Start of DATASET EXCERPTS

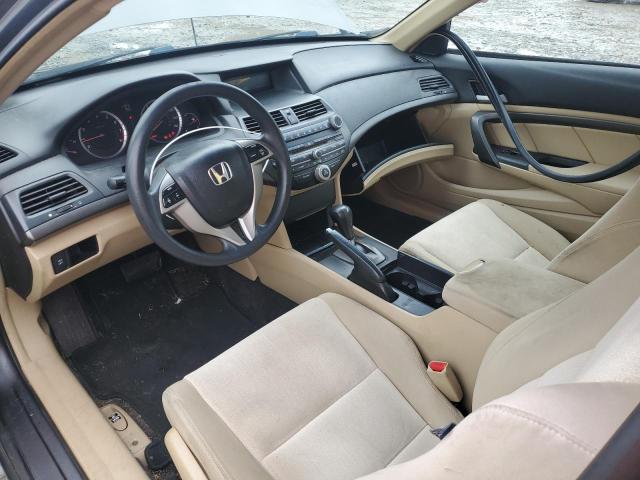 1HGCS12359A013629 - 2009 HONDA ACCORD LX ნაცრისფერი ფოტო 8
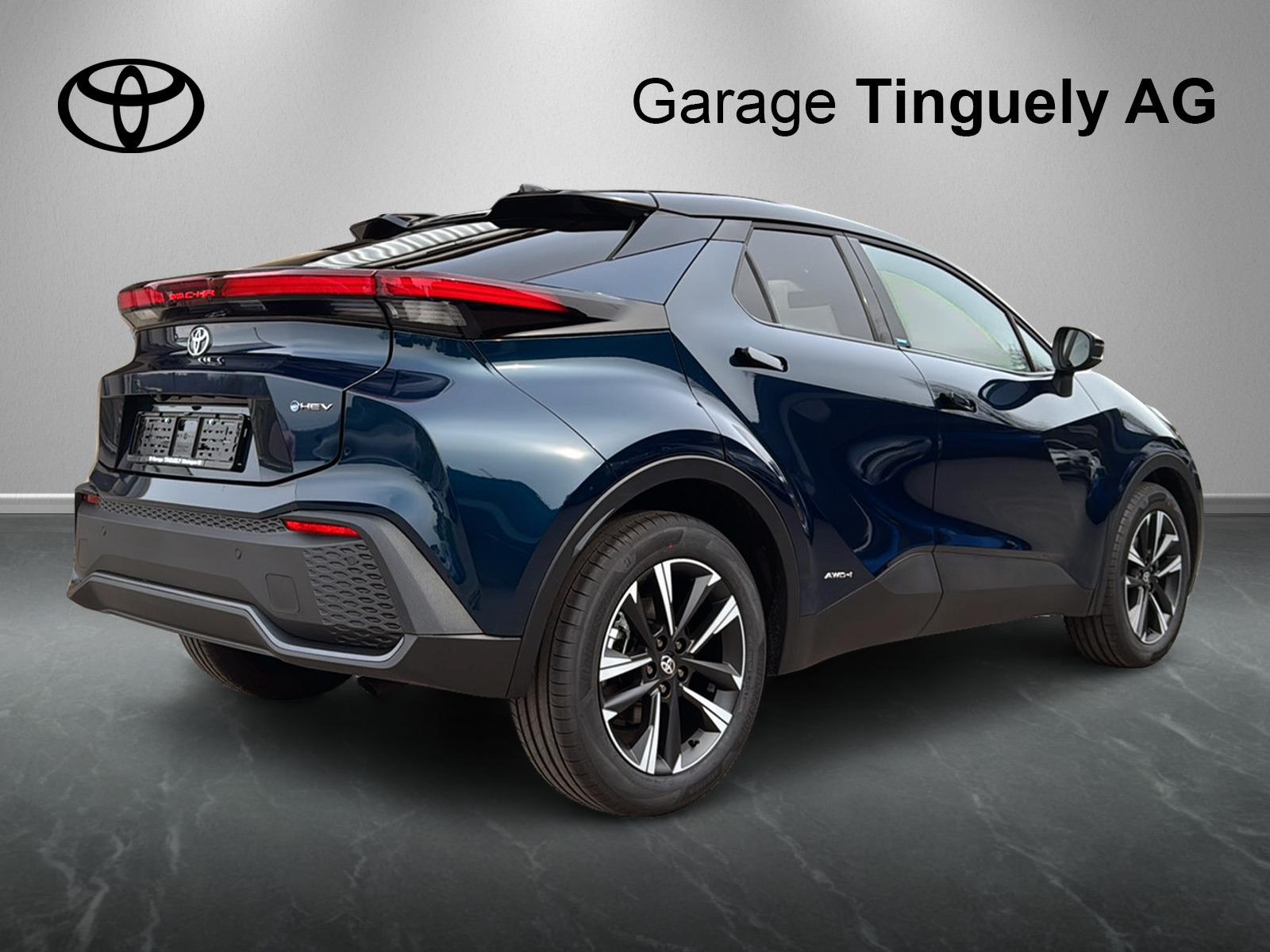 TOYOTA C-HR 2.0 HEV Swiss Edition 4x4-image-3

End of DATASET EXCERPTS
Start of DATASET EXCERPTS

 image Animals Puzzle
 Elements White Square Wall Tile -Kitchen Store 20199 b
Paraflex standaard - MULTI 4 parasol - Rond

End of DATASET EXCERPTS

#### [WORK TO COMPLETE]
Take the records above and return, word for word, only the lines that fall from the line with "Elements White Square" to the line with "Paraflex standaard - MULTI 4 parasol - Rond", both of them included.

#### [WRITTEN ANSWER]
 Elements White Square Wall Tile -Kitchen Store 20199 b
Paraflex standaard - MULTI 4 parasol - Rond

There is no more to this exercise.